Выбрать главу

Не залезая в интернет (там постфактум все равно почти ничего не нашлось), решил из общих соображений, что Музей Венецианской епархии не может быть совсем плохим, — и не ошибся.

Музей совсем хороший. Огромная коллекция церковной утвари, прекрасное собрание живописи и скульптуры.

То, что все два часа своего пребывания в этом прохладном просторном пространстве с прекрасным светом и дизайном я был совершенно один, — это понятно. Но похоже, что я был там первым посетителем за месяц, а может быть, со дня открытия.

Посещение закончилось тем, что чернобородый вдруг распахнул какую-то дверь и предложил мне спуститься во внутренний двор. Оказалось, что этот двор — единственное неперестроенное романское пространство в Венеции. Прямоугольник двора, замощенного «в елочку» кирпичом (когда-то так была замощена площадь Сан Марко), охватывала галерея: полукруглые арки на простых колоннах.
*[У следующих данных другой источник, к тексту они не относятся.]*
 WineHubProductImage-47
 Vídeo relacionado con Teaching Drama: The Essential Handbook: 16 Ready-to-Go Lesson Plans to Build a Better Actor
По стенам развешаны обломки византийских и римских камней. Это был когда-то, сказал мой застенчивый гид, бенедиктинский монастырь Святой Схоластики, а потом, от Наполеона до войны — военный трибунал. (Что логично, тюрьма-то — в соседнем здании.)

Когда я понял, что поселиться в этом дворе мне все-таки не удастся, провожатый распахнул дверь на улицу. Я замотал головой, но даже не успел сказать, что не так. Он сам все понял, прошелестел «Беллини» и снова проводил меня в первый зал.

Этот зал — пространство под потолком монастырской церкви, которую злые трибунальцы зачем-то разделили на два этажа, так что ходишь около капителей колонн и под самыми арками и расписными балками центрального нефа. И в нем (может быть, он выставочный?) нет ничего, кроме огромного алтарного образа Джованни Беллини, который просто, без всякой этикетки, стоит на полу, прислоненный к стене. Чернобородый как-то невнятно сказал, что он не знает, откуда эта картина, то ли из Академии, то ли с Мурано[15], то ли еще откуда-то, — а им дали ее ненадолго. Типа, всякому же хочется, чтобы такая вещь у него постояла.

С Беллини у меня происходит какая-то ерунда. Я через день открываю для себя еще какую-нибудь его картину и каждый раз думаю, что эта и есть самая лучшая. Так вот, самая лучшая стоит пока на полу в пустом зале Музея венецианского диоцеза. Это «Вознесение Девы Марии» — чуть ли не последняя работа Беллини. Он написал ее, когда ему было сильно за восемьдесят. Настоящие художники обычно именно в этом возрасте наконец понимают, что к чему, и опять готовы начать все сначала.

Внизу трехъярусной композиции восемь святых (некоторых, например святого Франциска, я узнал) стоят полукругом и смотрят вверх с таким беспокойством и тоской, что жалость берет. Обычно у Беллини святые отрешенно погружены в созерцание чего-то далекого и потустороннего: типа, попала в святого Себастьяна пара стрел — а он и не заметил. Но это какой-то странный Беллини. Святые, очень психологически убедительные, очень напряженные, смотрят и не видят, хотя догадываются, что именно должны увидеть, — и все они, каждый по-своему, в соответствии с возрастом и темпераментом отмечены печатью непростоты: кто — ума, кто — аскезы, кто — епископской власти.

На втором — очень узком ярусе — идет какая-то мелкая и оттого прелестная жизнь: слева скачут два всадника, справа заснул пастух, а овцы потихоньку разбредаются. Поздняя осень: ближнее дерево облетело, дальние синие горы подернулись желтизной.

Богородица вознеслась не на небо, а на зеленый холм. На дальнем плане, как всегда, какой-то замок, какая-то руина… Богородица стоит на траве перед замком — вот и все небеса, но при этом мучительно недоступна взорам святых. В ней, в той, которую Беллини писал всю жизнь, нет, кажется, никакой загадки. Простая и, похоже, недалекая, хотя и очень добрая, рыжеволосая и белокожая девушка, из тех, которые хороши своей молодостью, но в тридцать — обрюзгнут, а в сорок — подурнеют. Закутанная в синие и темно-розовые ткани, она молитвенно сложила руки. В дымном осеннем небе не то над, не то за ней летают какие-то странные монохромные ангелы — пара розовых, пара алых. И глядя на эту тихую простоватую девицу, постепенно начинаешь тосковать вместе со святыми, потому что есть во всем этом настоящая, а не придуманная тайна. И святым ее не разрешить, а тебе — и подавно.

вернуться

15

Этот алтарный образ был написан Беллини для одной из цервей на Мурано, а сейчас находится в запасниках Академии. В Музее диоцеза его выставили к пятисотлетию со дня смерти художника.